Em resposta, a directora de comunicação da UNRWA disse que o relatório assenta em testemunhos na primeira pessoa, feitos por palestinianos detidos e entretanto libertados por Israel, "alguns deles com sinais de violência física e psicológica".
Em Janeiro, o Governo de Israel acusou 12 dos 13 mil trabalhadores da UNRWA em Gaza de terem participado nos ataques de Outubro, o que levou 16 países, incluindo os EUA, a suspenderem as suas contribuições financeiras à agência.
O fim da suspensão no financiamento está condicionado à apresentação dos resultados de uma investigação independente conduzida pela antiga ministra dos Negócios Estrangeiros francesa Catherine Colonna, e cuja publicação deverá ocorrer em Abril.
No início do mês, Israel voltou a acusar a UNRWA de ter ligações ao Hamas, afirmando que mais de 450 funcionários da agência são "operacionais militares" do movimento palestiniano.
Segundo a liderança da UNRWA, as acusações de Israel fazem parte de uma campanha "deliberada e concertada" para pôr fim ao trabalho da agência em Gaza.
Neste sábado, o director da UNRWA, Philippe Lazzarini, mostrou-se "cautelosamente optimista" no reatamento das contribuições financeiras "nas próximas semanas", após a publicação do relatório de Colonna.

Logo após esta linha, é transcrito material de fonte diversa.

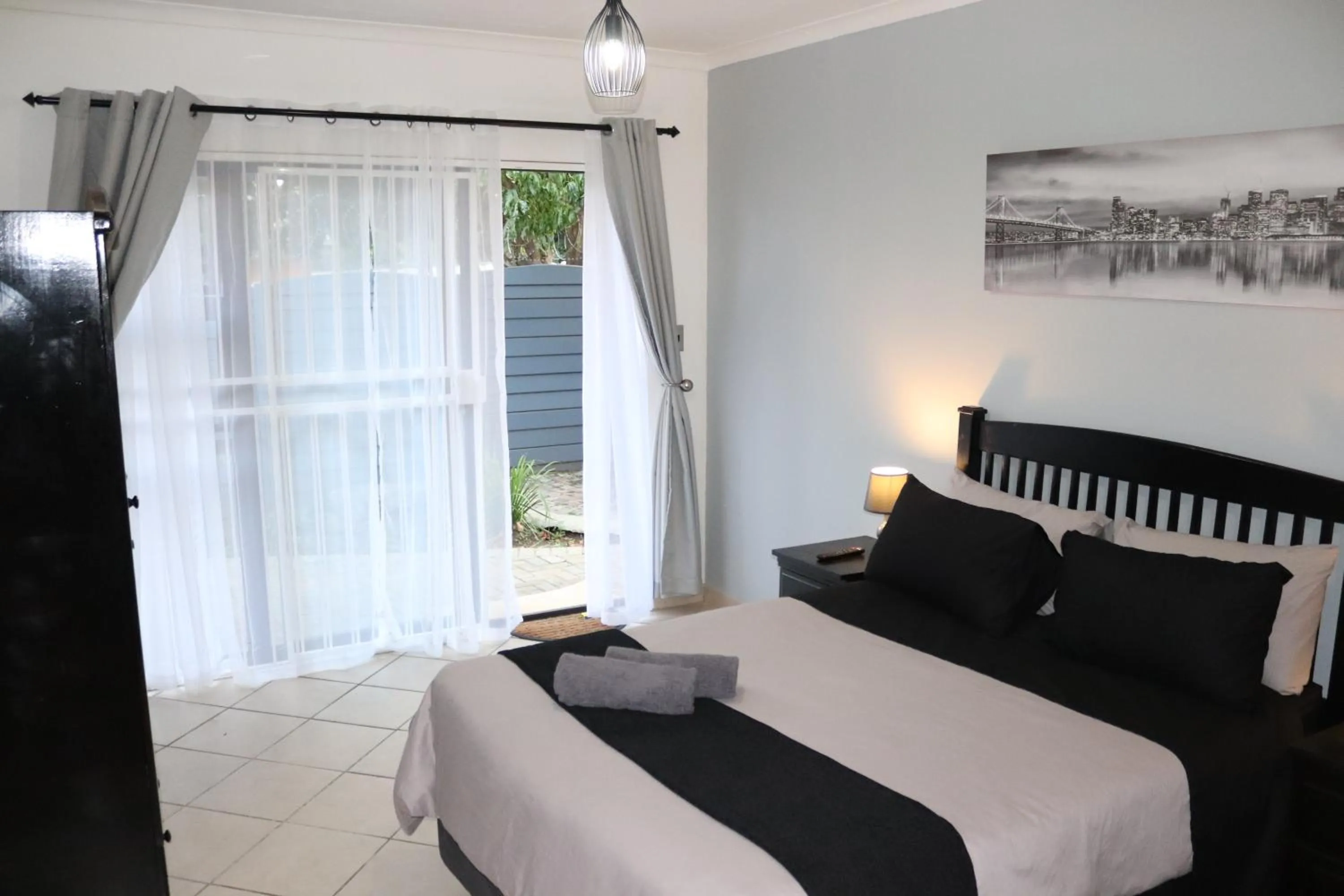 Bed in Stay at Home Airport Lodge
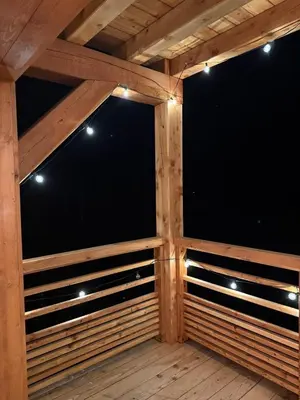 a screened in porch with wood panels and lights at Contamines Montjoie appartement 2 chambres et cabine in Les Contamines-Montjoie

Numa entrevista ao canal suíço RTS, Lazzarini avisou que a agência da ONU — um apoio essencial para os palestinianos de Gaza e da Cisjordânia, principalmente no meio de uma campanha de bombardeamentos e de outros ataques que já dura há cinco meses — "enfrenta um risco de morte, de desmantelamento".
"O que está aqui em causa é o futuro dos palestinianos de Gaza a curto prazo. Eles estão a enfrentar uma crise humanitária sem precedentes", disse o responsável.